After some small adventures they reached at last their homes with joy, and the great expedition to the Lali, and their battles with them, were at an end.
But they found, on reaching home, that their country was much changed. All was covered with snow where they had left a green earth and tropical foliage. The swarms of animals which had come from the north, like the Goths, had, like them, swept away every vestige of improvement, and devoured the fruits of the neighborhood. The trees which they had left laden with mangos, figs and nuts, were now bare, their branches breaking with snow instead of fruit. The Swamp itself seemed deserted, the life which had filled it being dead or departed.
Their families too, had been depleted. Of those left behind some had been slain by the cold or famine, while others had wandered away. It was a desolate home, therefore, to which the returning warriors came, like Greece when it was regained by the soldiers after the Trojan War.
RETURN OF THE AMMI TO COCOANUT HILL.
Pounder discovered that some one had taken possession of his wife in his absence, or of the woman who most nearly corresponded to such personage, and he immediately slew him, and took her back. The two illegitimate lovers had in his absence driven out many of the other Ammi who had remained at home, and taken possession of what was left in their huts. All this Pounder now took charge of, along with the woman.

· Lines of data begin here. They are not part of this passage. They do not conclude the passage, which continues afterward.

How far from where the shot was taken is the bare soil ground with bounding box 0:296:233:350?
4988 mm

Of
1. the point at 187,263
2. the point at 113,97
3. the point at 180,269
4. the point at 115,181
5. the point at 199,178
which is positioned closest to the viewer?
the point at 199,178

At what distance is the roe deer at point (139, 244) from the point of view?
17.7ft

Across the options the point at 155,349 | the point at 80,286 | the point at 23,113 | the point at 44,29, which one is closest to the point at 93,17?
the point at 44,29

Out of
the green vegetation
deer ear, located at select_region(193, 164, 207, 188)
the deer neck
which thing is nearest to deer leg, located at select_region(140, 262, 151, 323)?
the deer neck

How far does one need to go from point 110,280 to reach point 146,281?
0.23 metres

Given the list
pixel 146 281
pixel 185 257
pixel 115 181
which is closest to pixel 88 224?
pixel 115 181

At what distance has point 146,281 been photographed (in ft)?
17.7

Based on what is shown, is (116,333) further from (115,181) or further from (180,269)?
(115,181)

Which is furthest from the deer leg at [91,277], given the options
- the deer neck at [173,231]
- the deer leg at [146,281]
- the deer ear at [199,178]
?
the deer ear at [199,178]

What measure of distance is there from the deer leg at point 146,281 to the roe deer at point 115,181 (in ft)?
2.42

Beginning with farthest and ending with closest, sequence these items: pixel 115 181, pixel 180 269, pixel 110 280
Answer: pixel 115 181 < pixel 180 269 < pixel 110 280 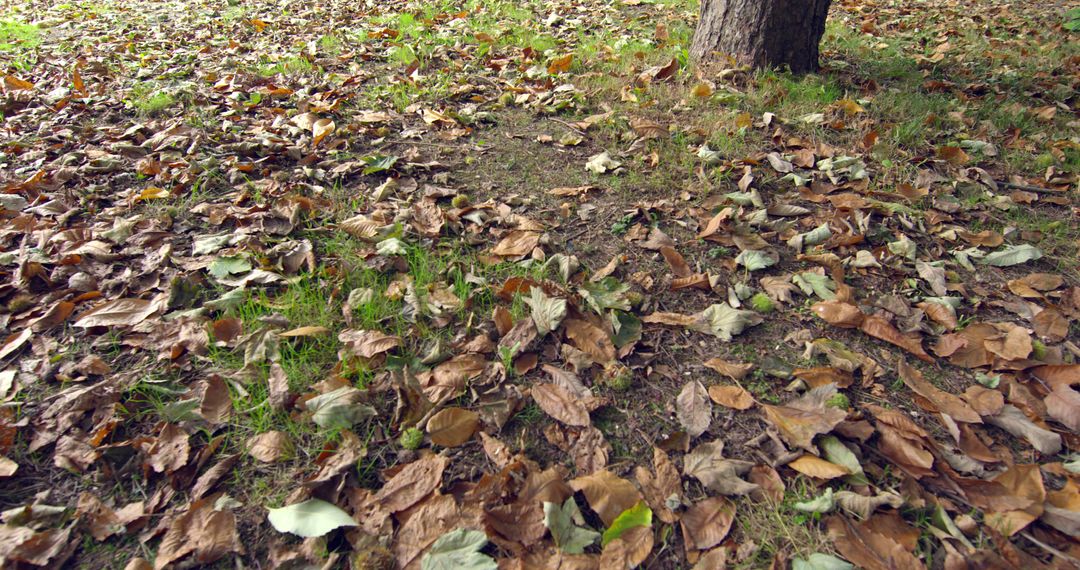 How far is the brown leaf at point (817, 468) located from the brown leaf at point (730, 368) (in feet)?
1.13

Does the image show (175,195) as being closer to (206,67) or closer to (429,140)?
(429,140)

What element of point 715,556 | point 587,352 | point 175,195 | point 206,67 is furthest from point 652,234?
point 206,67

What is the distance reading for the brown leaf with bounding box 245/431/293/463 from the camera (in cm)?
172

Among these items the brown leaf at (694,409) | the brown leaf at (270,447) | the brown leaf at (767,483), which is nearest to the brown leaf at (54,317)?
the brown leaf at (270,447)

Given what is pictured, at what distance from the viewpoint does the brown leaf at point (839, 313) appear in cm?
213

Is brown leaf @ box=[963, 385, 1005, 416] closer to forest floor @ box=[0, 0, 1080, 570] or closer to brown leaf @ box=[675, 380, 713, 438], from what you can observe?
forest floor @ box=[0, 0, 1080, 570]

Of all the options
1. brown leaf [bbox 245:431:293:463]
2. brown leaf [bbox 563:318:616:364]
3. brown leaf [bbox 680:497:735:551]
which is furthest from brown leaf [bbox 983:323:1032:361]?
brown leaf [bbox 245:431:293:463]

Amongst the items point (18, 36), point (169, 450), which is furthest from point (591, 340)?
point (18, 36)

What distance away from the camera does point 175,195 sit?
113 inches

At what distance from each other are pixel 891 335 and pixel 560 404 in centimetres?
125

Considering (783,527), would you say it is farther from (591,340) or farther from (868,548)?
(591,340)

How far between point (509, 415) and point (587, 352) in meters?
0.38

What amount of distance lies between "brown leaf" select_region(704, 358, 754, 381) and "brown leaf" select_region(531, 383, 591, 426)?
1.65 ft

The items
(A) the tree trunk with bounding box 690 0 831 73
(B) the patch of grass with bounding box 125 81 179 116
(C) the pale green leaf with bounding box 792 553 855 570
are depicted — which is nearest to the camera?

One of their number had been lost, and did not return for many years. He wandered about the Swamp, visiting its many shores, and meeting, like Ulysses, many strange kinds of apes and other beasts. Long did he search for his home, and many times he came near the edge of the Swamp, in sight of Cocoanut Hill; but a perverse mistake each time drove him farther away. He wandered among thickets and vines, crossed streams and hid in marshes. He lived on roots dug from under the snow, and on fish caught under the ice. He suffered many pains and aches and bruises, still seeking his home. Twice he was chased by the mastodon, and four times he fought with catamounts. The stars seemed to wander from their places so that he could not even recognize the heavens; and when he emerged at last from the Swamp it was to look upon an unknown country. Like the Wandering Jew he found no rest for his feet, but went on forever, never finding what he sought. Climbing banks and trees, and walking over ice and rocks, he yet saw nothing familiar, but always something new; and when at last he came within sight of his dwelling it was found to be under a mountain of ice; and as he started to go south, he turned, with his usual fate, to the north, and the traditions of the Ammi say that he is wandering to this day.